◆ **WHAT THE EXERCISE ASKS**: Please keep to the lines below from the one with "Badene er likt" through the one with "Herkimer Superintendent Kathleen", and restate them word for word, ends included.

◆ **GIVEN ENTRIES**:
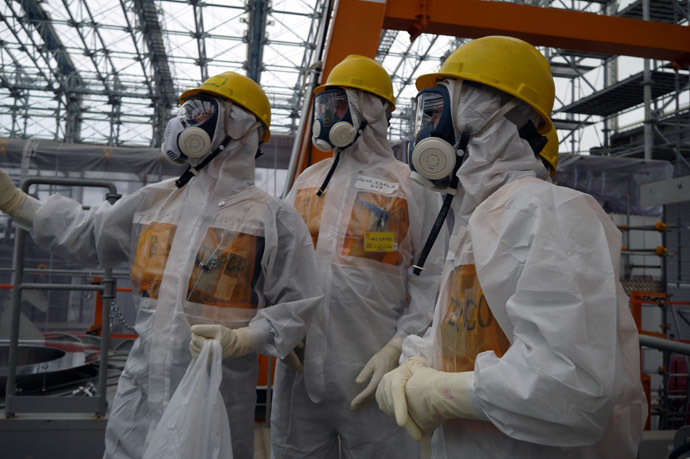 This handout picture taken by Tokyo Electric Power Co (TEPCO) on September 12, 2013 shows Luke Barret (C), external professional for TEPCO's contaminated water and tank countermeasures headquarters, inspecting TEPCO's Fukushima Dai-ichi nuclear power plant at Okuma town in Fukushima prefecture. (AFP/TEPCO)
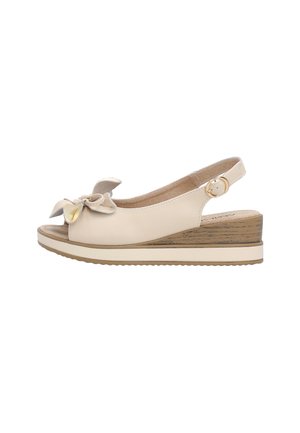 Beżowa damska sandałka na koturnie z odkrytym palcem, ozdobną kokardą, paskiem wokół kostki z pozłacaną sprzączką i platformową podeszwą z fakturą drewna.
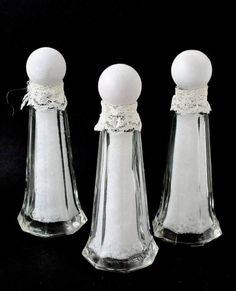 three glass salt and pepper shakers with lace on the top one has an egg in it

---

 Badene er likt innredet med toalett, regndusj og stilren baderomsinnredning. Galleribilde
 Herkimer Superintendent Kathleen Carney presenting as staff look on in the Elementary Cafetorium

* * *

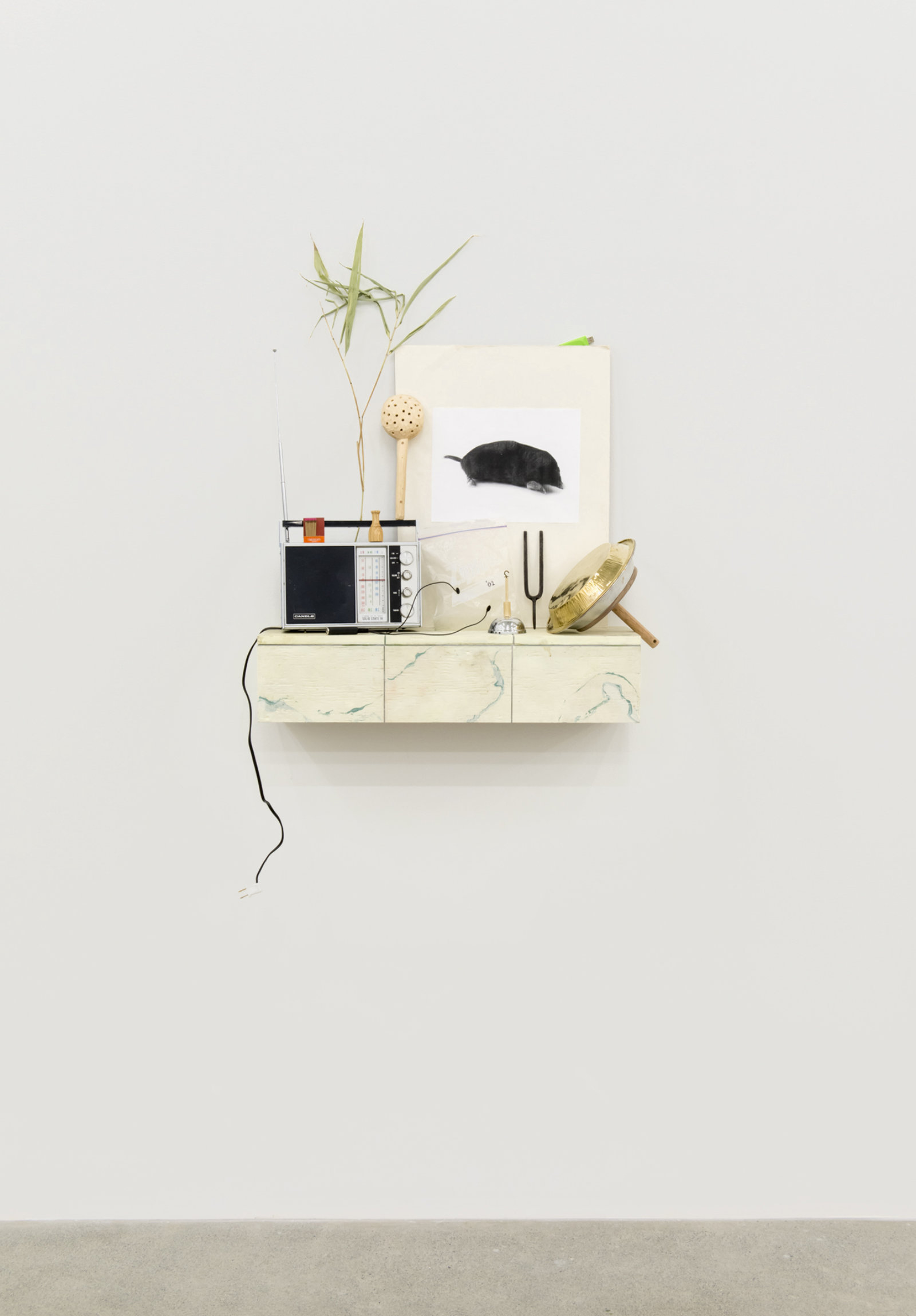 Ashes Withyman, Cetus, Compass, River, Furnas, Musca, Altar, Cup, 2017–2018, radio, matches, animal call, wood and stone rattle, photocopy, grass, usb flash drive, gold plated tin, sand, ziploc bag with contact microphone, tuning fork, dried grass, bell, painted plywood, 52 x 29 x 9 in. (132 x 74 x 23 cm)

◆ **ANSWER SPACE**:
 Badene er likt innredet med toalett, regndusj og stilren baderomsinnredning. Galleribilde
 Herkimer Superintendent Kathleen Carney presenting as staff look on in the Elementary Cafetorium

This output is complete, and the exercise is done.